De Mirville began by establishing Robert-Houdin’s views on so-called clairvoyants. The conjuror stated he had only seen performances by two individuals, and found them both ‘contemptible’. (Demonstration of ‘second sight’ was a feature of his own stage act, in which an object produced by a member of the audience and touched by him was described exactly by his blindfolded son.)9

They then went to Marcillet’s apartment, where Didier was giving a sitting to several people. After a brief interruption, Didier was again put into a trance state by Marcillet. Robert-Houdin blindfolded him, covering his face with cotton wool and ‘two enormous handkerchieves’, so that ‘from the top of the forehead to below the lips did not allow of the very tiniest opening’. He then took out two new packs of cards, intending to play Ecarté, a casino game at which Didier was said to excel but whose performance Robert-Houdin believed he could match by trickery.  Having removed the wrapping he shufffled the cards and asked Didier to cut them. He dealt five cards to Didier, laying them face down in front of him, and five cards to himself, again laying them face down. He was about to pick up his cards to begin the game, but Didier said he could already identify all ten of the cards, which he proceeded to do correctly. In two further repetitions Didier identified concealed cards held by Robert-Houdin with the ‘same accuracy and infallibility’.

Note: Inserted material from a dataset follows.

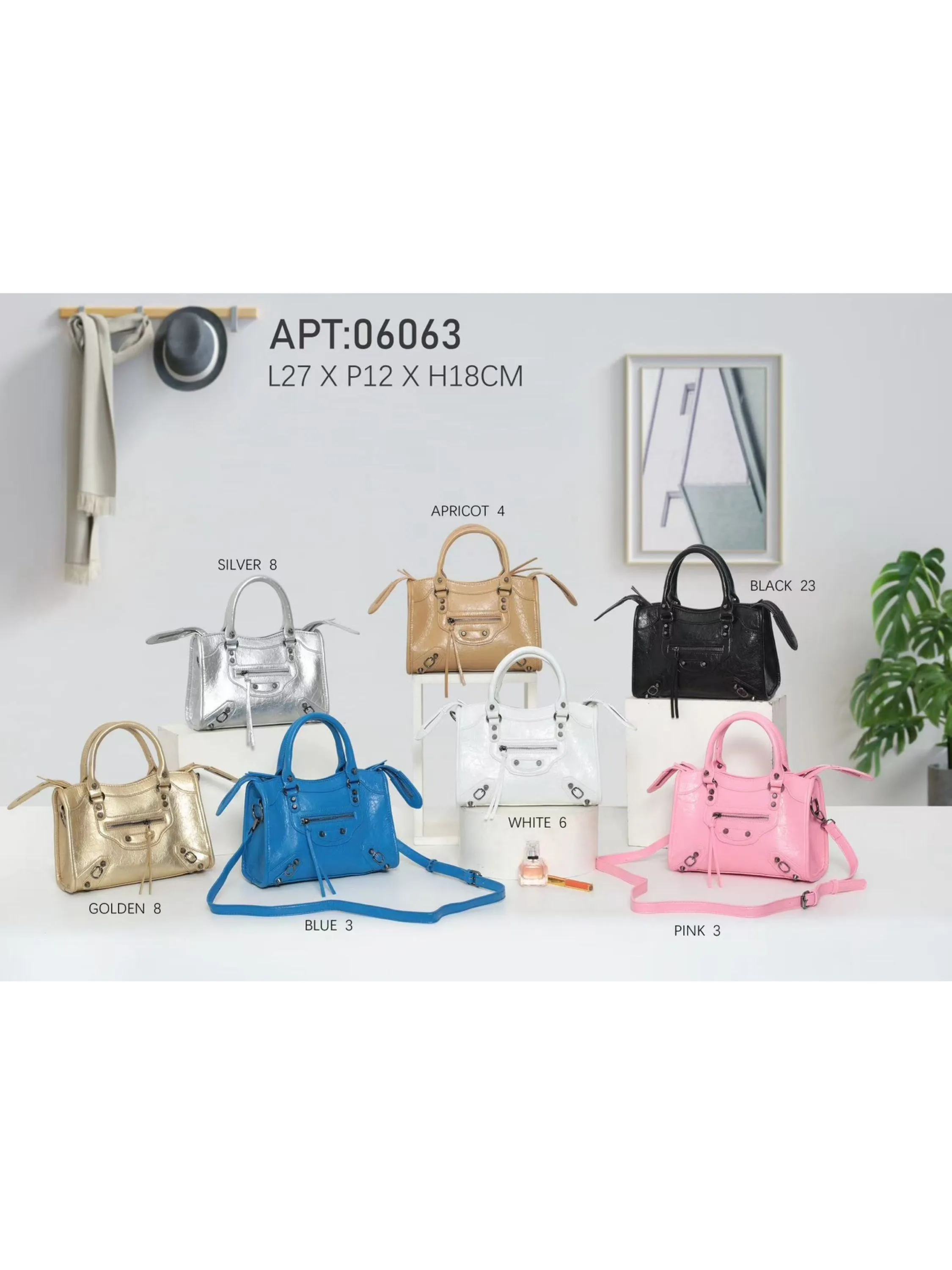 bolsa 06063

Robert-Houdin removed the blindfold. Taking a book from his pocket, he opened it randomly and asked Didier to read from the page eight pages on. Didier indicated a point on the open page, about two thirds down, where he said the words ‘Après cette triste cérémonie’ would be found on the eighth further page. Robert-Houdin found exactly these words, although not on the eighth page further on, but the one after that.

Robert-Houdin then gave Didier a letter and asked him to describe the writer, which he did more or less accurately, also the writer’s address, which he was able to write down exactly after five minutes reflection. Asked what this person was doing, Didier unexpectedly replied that he was in the act of betraying Robert-Houdin’s confidence, which the conjuror did not for one moment believe, but which he later stated proved to be the case (the friend was stealing a large sum of money from him).

Didier then made accurate statements with regard to Robert-Houdin’s wife, who was present. He failed to identify the nature of a cardboard item in Robert-Houdin’s pocket, wrongly naming it as a business card, but accurately described a folded piece of paper next to it as ‘Receipt of MM. Saquier and Bray, booksellers, 64, Rue des Saints-Peres, for 15 francs, 20 cents’.

In a final test, Robert-Houdin handed Didier a lock of hair, which Didier correctly identified as belonging to his teenage son. Robert-Houdin wanted to know if Didier could identify his son’s illness. Didier could find nothing wrong, then settled on a speck in the boy’s eye, which had been giving his father much anxiety but which Didier assured him would soon clear up.

Discussing aspects of the case with de Mirville immediately afterwards, Robert-Houdin pointed out that his own card-guessing feats were achieved by the use of cards that were variously marked, of unequal sizes, and arranged in particular ways, along with ‘signals and telegraphs’ – none of which was available to Didier. He also insisted on the ‘absolute impossibility’ of Didier being able to see anything through the blindfold.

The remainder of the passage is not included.